How to Scrape Yelp Data: Complete Guide for 2026
This guide covers extracting publicly accessible data. Always review a site's robots.txt and Terms of Service before scraping.
TL;DR
To scrape Yelp with Python, use AlterLab’s API to render JavaScript, extract public business details via CSS selectors, and respect rate limits. A single request returns clean HTML you can parse with BeautifulSoup or lxml.
Why collect local data from Yelp?
Yelp hosts a wealth of public business information useful for several engineering workflows:
- Market research: Track competitor listings, review counts, and rating trends across categories.
- Price monitoring: Extract menu items or service prices from restaurant and salon pages for dynamic pricing models.
- Data enrichment: Augment internal databases with business hours, location coordinates, and category tags for local search features.
These use cases rely solely on data visible on public pages—no login or private data required.
Technical challenges
Yelp’s modern site presents three core obstacles for scrapers:
-
JavaScript‑heavy rendering: Business details load client‑side, so a plain
requests.getreturns an empty container. - Rate limiting & IP bans: Exceeding a modest request threshold triggers temporary blocks or CAPTCHAs.
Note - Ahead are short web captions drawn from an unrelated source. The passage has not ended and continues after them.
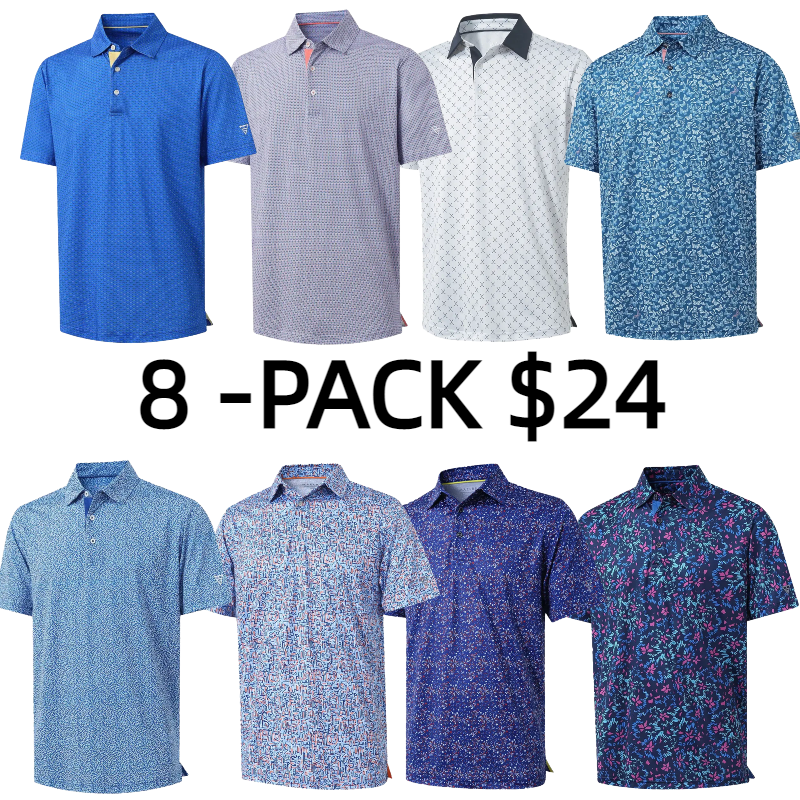 Men’s Printed Polo Shirt, Quick Dry Performance Stretch Moisture-Wicking Breathable Golf Top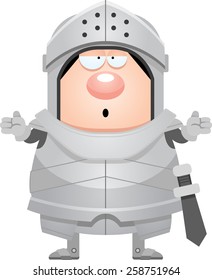 A cartoon illustration of a knight looking confused.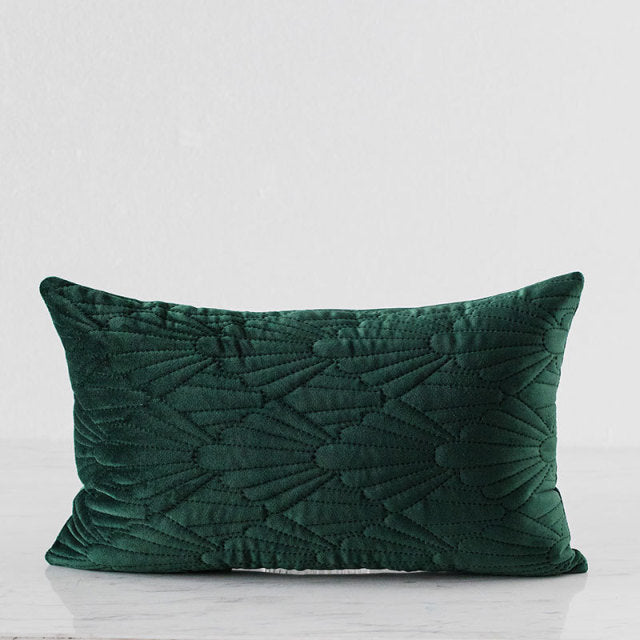 Cushion Cover Green Quilted Pillowcase Velour Green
- Bot detection headers: The server checks for typical automation signatures (missing user‑agent, lack of TLS fingerprinting).
Raw HTTP clients fail because they cannot execute the page’s React hydrate cycle. AlterLab’s Smart Rendering API solves this by launching a headless browser, applying rotating proxies, and waiting for network idle before returning the fully rendered DOM.
Quick start with AlterLab API
First, install the official Python SDK (see the Getting started guide for full setup). Then authenticate and scrape a public Yelp page.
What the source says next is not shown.